James D. Blacklock, Chief Justice
Debra H. Lehrmann, Justice
Jeffrey S. Boyd, Justice
John P. Devine, Justice
J. Brett Busby, Justice
Jane N. Bland, Justice
Rebeca A. Huddle, Justice
Evan A. Young, Justice
James P. Sullivan, Justice
Sandom Baumgardner, Petitioner,
v.
Brazos River Authority, Respondent
The Fifteenth Court of Appeals has forwarded to this Court a party's motion to return an appeal to the Tenth Court of Appeals. At issue is whether, for purposes of the statute that defines the Fifteenth Court's jurisdiction, a river authority is an “agency in the executive branch of the state government.” TEX. GOV'T CODE § 22.220(d)(1). If it is, then the Fifteenth Court has exclusive intermediate appellate jurisdiction over civil matters brought by or against a river authority. We hold that a river authority generally—and the Brazos River Authority specifically—does not qualify under the statute as an “agency in the executive branch.” Because this appeal does not fall within the exclusive intermediate appellate jurisdiction of the Fifteenth Court, it should not have been transferred to that court, and we therefore grant the motion and return the appeal to the Tenth Court.
I
River authorities are conservation and reclamation districts created under Article XVI, Section 59 of the Texas Constitution. San Antonio River Auth. v. Austin Bridge & Rd., L.P., 601 S.W.3d 616, 620 n.11 (Tex. 2020). These authorities act as “regional water management entities, each with its own enabling legislation, created to address the water development and planning needs of river basins.” SENATE INTERIM COMM. ON NAT. RES., REPORT TO THE 77TH LEGISLATURE: MISSIONS AND ROLES OF TEXAS RIVER AUTHORITIES 6 (Nov. 1, 2000). That is, “a river authority is a large water district; originally formed in order to implement major flood-control and water storage projects and to coordinate federal, state and local water resource projects within a single river basin.” Id.

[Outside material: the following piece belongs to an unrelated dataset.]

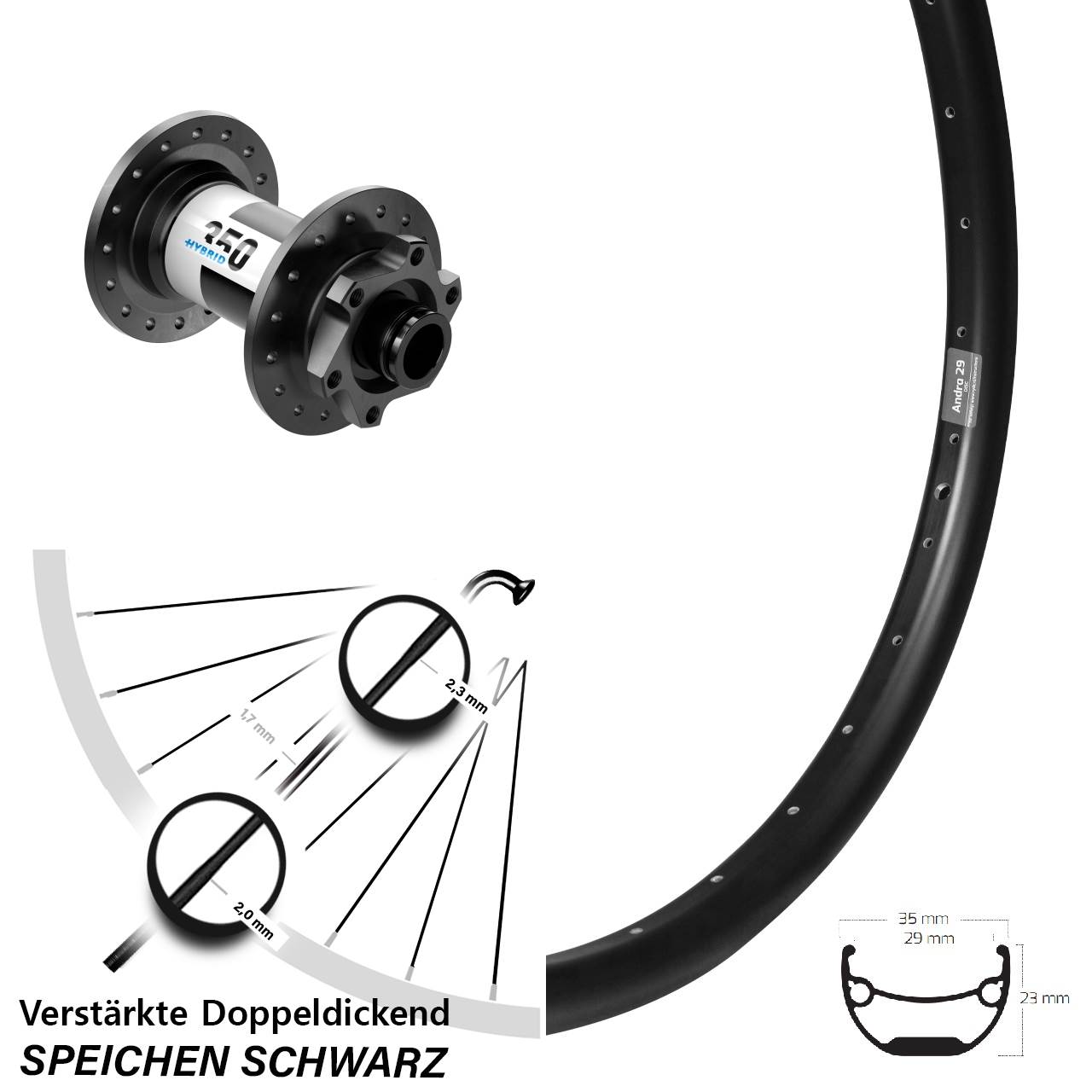 26 Zoll Ryde Andra 29 DT Swiss Hybrid 350 Vorderrad 6-Loch 15x100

The Brazos River Authority was created in 1929 as a “river authority, a governmental agency, a municipality, and a body politic and corporate.” TEX. SPEC. DIST. CODE § 8502.001(a); SUNSET ADVISORY COMM'N, STAFF REPORT WITH FINAL RESULTS: BRAZOS RIVER AUTHORITY 1 (2021) [hereinafter SUNSET REPORT]. The Brazos River Authority manages “the watershed of the Brazos River” except for “portions lying within Freestone, Leon, and Madison counties,” TEX. SPEC. DIST. CODE § 8502.003, covering approximately 36,000 square miles of territory stretching “from the panhandle to the Gulf,” SUNSET REPORT at 1.

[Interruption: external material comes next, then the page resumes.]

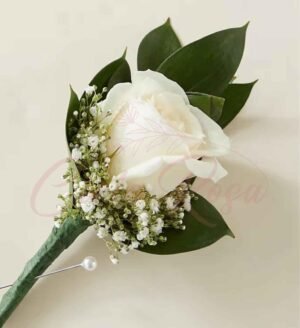 Boutonniere Rosa Blanca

This is an appeal from a McLennan County district court's judgment granting a permanent injunction in favor of Brazos River Authority, which requires Baumgardner to remove all portions of a boat ramp and an on-water boat dock facility that are located on, over, or above Possum Kingdom Lake. Baumgardner appealed the amended final judgment to the Tenth Court of Appeals in February 2024.1 The Tenth Court determined that the appeal “is (or may be)” within the exclusive intermediate appellate jurisdiction of the new Fifteenth Court of Appeals, and this Court transferred the appeal to the Fifteenth Court effective September 1, 2024.2 Transfer of Cases to the Fifteenth Court of Appeals, Misc. Docket No. 24-9055 (Tex. Aug. 26, 2024). Our transfer order explained that it was “not a determination by this Court of any legal issues regarding the jurisdiction of the Court of Appeals for the Fifteenth Court of Appeals District.” Id. at 6.

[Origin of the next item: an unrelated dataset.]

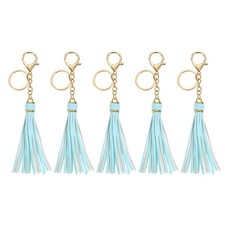 5Pcs Leather Keychain Tassels with Lobster Clasp Key Ring, Sky Blue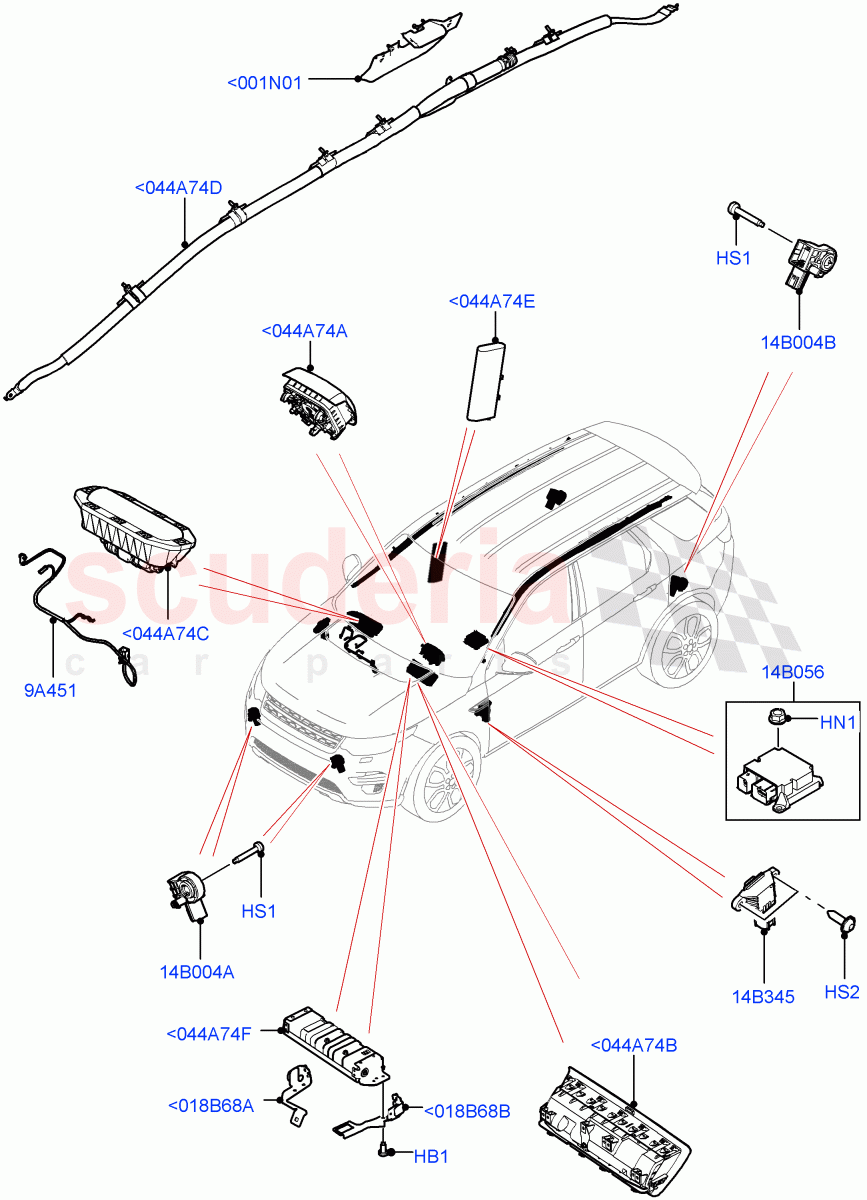 Airbag System (Changsu (China)) ((V) FROMFG000001) of Land Rover Land Rover Discovery Sport (2015+) [2.0 Turbo Petrol GTDI]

Brazos River Authority moved to re-transfer the appeal to the Tenth Court, arguing that the appeal does not fall within the Fifteenth Court's exclusive intermediate appellate jurisdiction because river authorities have only regional jurisdiction and Section 22.220(d) of the Government Code lacks any language expressly including river authorities within the Fifteenth Court's exclusive jurisdiction. The Fifteenth Court recommends that the case be re-transferred to the Tenth Court. The Tenth Court, in contrast, recommends that the case remain at the Fifteenth Court. Under the procedures discussed in Miles v. Ford Motor Co., 914 S.W.2d 135, 137 n.2 (Tex. 1995),3 the transfer motion, along with the recommendations of the Tenth and Fifteenth Courts, were submitted to this Court for consideration. See TEX. GOV'T CODE § 73.001(a) (authorizing Supreme Court to transfer appeals “from one court of appeals to another” when “there is good cause for the transfer”). We received additional briefing from the parties and the Solicitor General.
II
In 2023, the Legislature passed Senate Bill 1045 creating the Fifteenth Court of Appeals. Act of May 21, 2023, 88th Leg., R.S., ch. 459, § 1.02, 2023 Tex. Gen. Laws 1113, 1114. That legislation amended Section 22.220 of the Government Code to grant the Fifteenth Court “exclusive intermediate appellate jurisdiction” over three categories of matters arising out of or relating to civil cases: (1) certain matters brought by or against the State, its executive branch agencies, or their officers or employees engaged in official conduct; (2) matters challenging the constitutionality or validity of a state statute or rule when the attorney general is a party; and (3) “any other matter as provided by law.” TEX. GOV'T CODE § 22.220(d).
The first category is at issue here. Specifically, Section 22.220(d)(1) provides that the following matters are within the Fifteenth Court's exclusive intermediate appellate jurisdiction:
matters brought by or against the state or a board, commission, department, office, or other agency in the executive branch of the state government, including a university system or institution of higher education as defined by Section 61.003, Education Code, or by or against an officer or employee of the state or a board, commission, department, office, or other agency in the executive branch of the state government arising out of that officer's or employee's official conduct, other than [certain listed proceedings].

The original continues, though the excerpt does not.